Thinking about what my sister had to go through, it’s no wonder that she turned to drugs when she did — and that it was so hard to kick the habit whenever she tried. The comforting oblivion of being too intoxicated to think or feel is an extremely tempting one, especially when just piecing together a life for yourself is so hard and thankless. Still, she knew that she needed to stop for the sake of her children. The fact that she ultimately failed is a tragedy, but it is not one of personal deficiency. She needed a support network that believed in her and worked to validate her experience, one that would give her hope that she could still live a happy life. In the depths of depression surrounded by the craziness of the inner city, something like that can feel as impossible as flying to Mars.
Still, she stayed. She stayed because she was the only one who could care for my mother, an exceedingly difficult woman who pushes away anyone who gets close enough to help her. She stayed because her children needed her, and she tried to get clean for them. She fought and fought and fought until she couldn’t any more; but she never gave up. She gave her family everything she had and then some; she hid how much it hurt when she was told again and again that it wasn’t enough.
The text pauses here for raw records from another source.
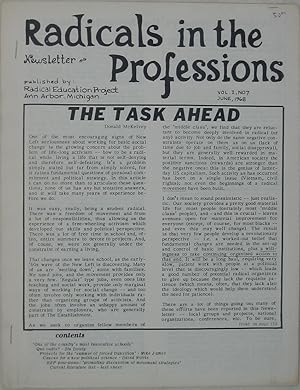 Bild des Verkufers fr Radicals in the Professions Newsletter: Vol. I, No. 7, June 1968 zum Verkauf von Powell's Bookstores Chicago, ABAA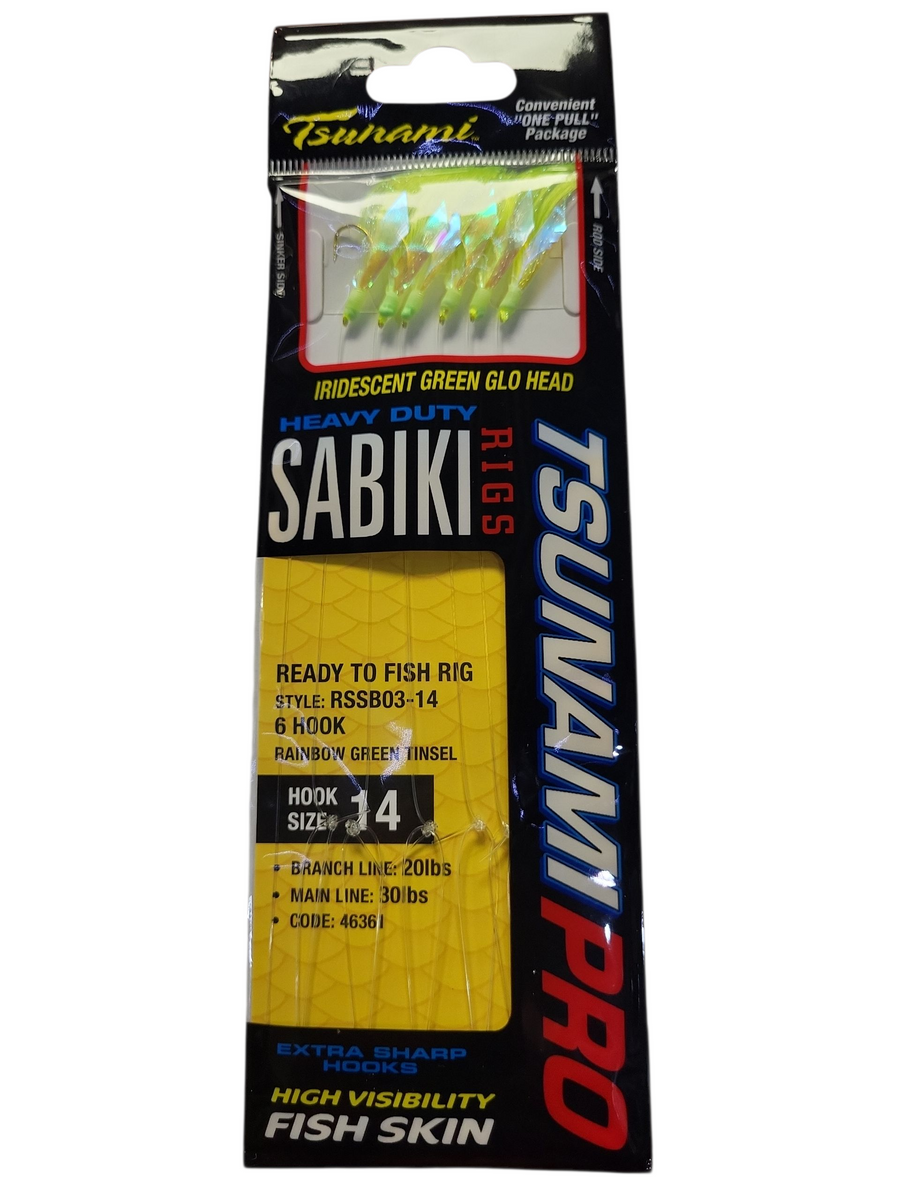 Tsunami Pro Sabiki Rigs – Baracuda Fishing Tackle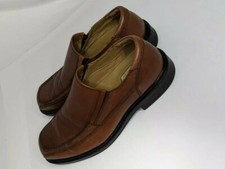 Dockers Mens Leather Slip On Loafers Pro Style 090-3183 Brown Size US 8.5 M
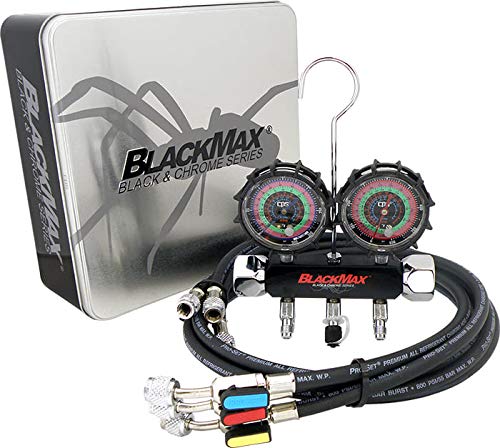 【中古】【未使用・未開封品】CPS ブラックマックス MBH4P5EZ 2V マニホールドR-134A 22 404A 410A ゲージ & 5フィートプレミアムBVホース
At last, her pain is over. Her struggle has ended. I wish this wasn’t the way it happened, and I’ll regret not doing more to do right by her for the rest of my life. The only way I can prove how sorry I am is by being as strong as she was, as giving and hopeful and tenacious. She eventually fell to her demons, but she never stopped fighting them. I can’t either.
Because of my sister, I will run away from my fights much less often. Standing my ground and fighting my battles is the legacy she left with me with. For that, I sincerely thank her.